> TASK
Write out exactly, and only, the lines below from the line with "Libro Etica De Los Medios De Comunicacion" through the line with "Ralph Waldo Emerson"; pictures do not belong in the copy.

----- EXTRACTED RECORDS -----

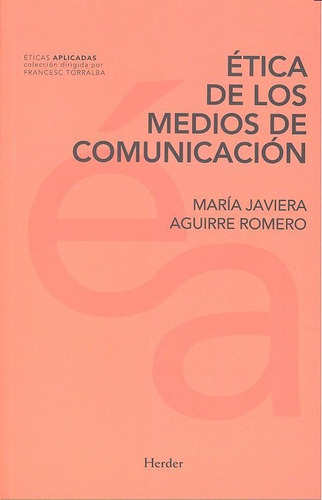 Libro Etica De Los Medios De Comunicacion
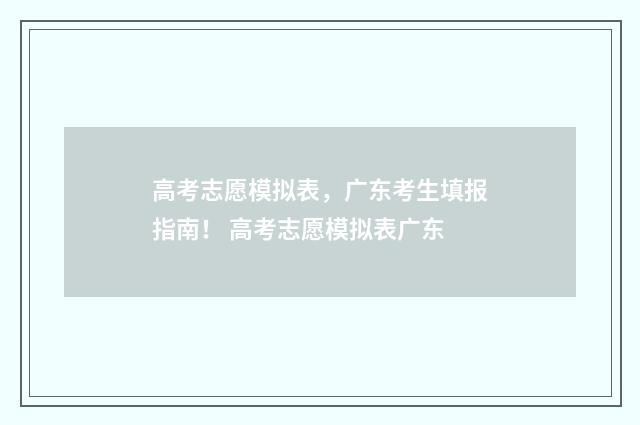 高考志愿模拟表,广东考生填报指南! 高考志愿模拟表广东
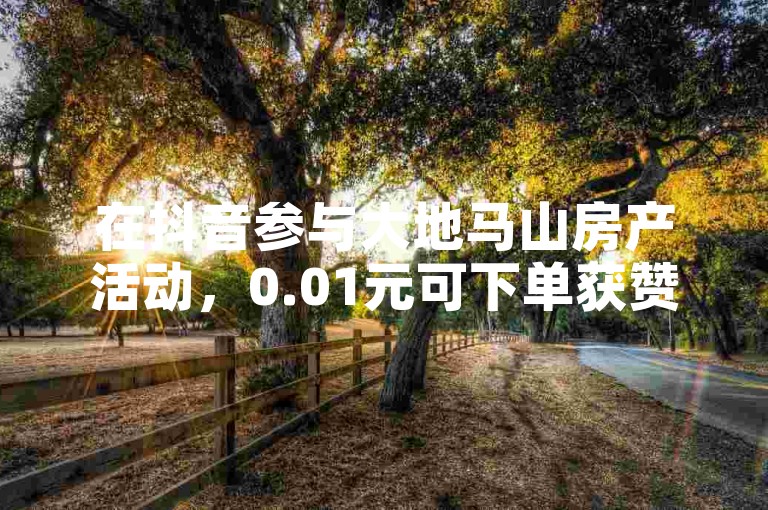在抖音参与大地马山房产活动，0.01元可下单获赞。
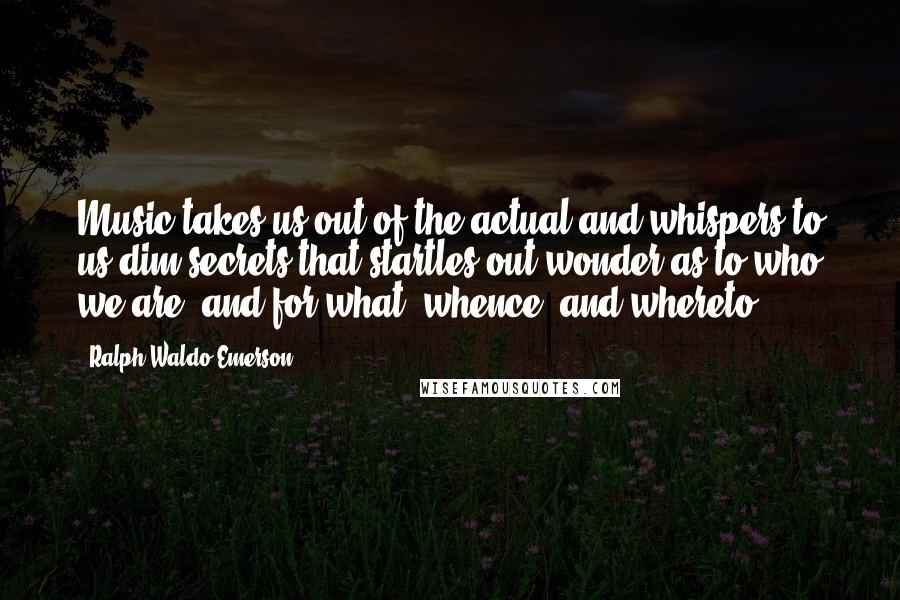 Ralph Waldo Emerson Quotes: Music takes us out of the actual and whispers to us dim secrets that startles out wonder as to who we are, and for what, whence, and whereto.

-----
----- EXTRACTED RECORDS -----

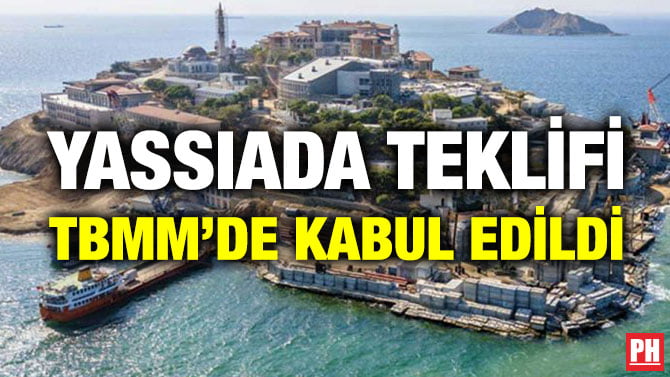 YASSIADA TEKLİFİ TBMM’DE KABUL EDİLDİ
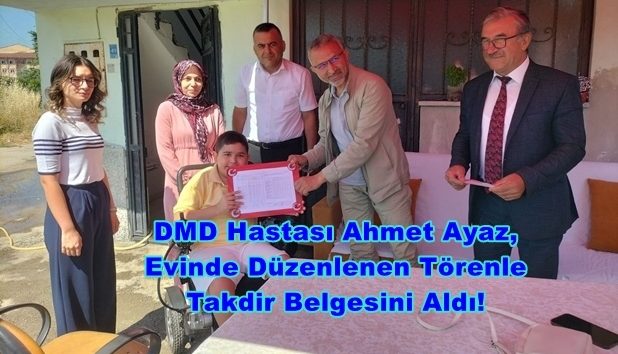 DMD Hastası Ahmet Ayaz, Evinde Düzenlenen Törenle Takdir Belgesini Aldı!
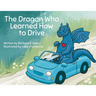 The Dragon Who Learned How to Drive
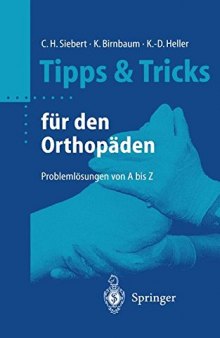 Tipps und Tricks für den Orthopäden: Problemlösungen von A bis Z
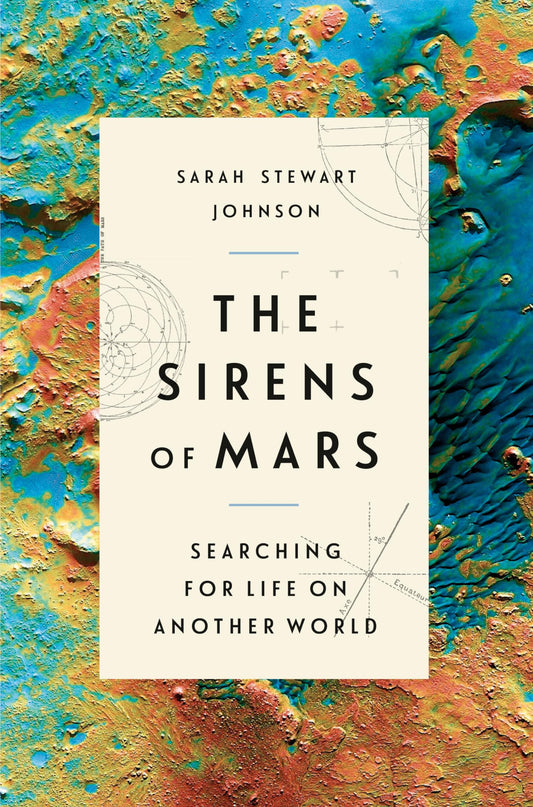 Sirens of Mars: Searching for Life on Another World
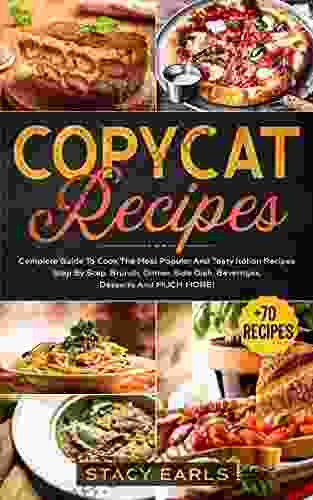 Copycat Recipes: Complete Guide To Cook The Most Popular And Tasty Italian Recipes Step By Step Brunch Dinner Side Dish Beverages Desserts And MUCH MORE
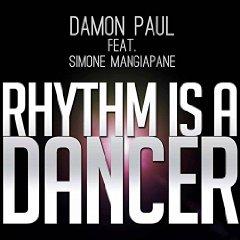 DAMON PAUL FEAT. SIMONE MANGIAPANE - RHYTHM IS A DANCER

-----
----- EXTRACTED RECORDS -----

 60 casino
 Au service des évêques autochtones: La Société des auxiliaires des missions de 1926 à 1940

-----

> PROBLEM SOLUTION
 Libro Etica De Los Medios De Comunicacion
 高考志愿模拟表,广东考生填报指南! 高考志愿模拟表广东
在抖音参与大地马山房产活动，0.01元可下单获赞。
 Ralph Waldo Emerson Quotes: Music takes us out of the actual and whispers to us dim secrets that startles out wonder as to who we are, and for what, whence, and whereto.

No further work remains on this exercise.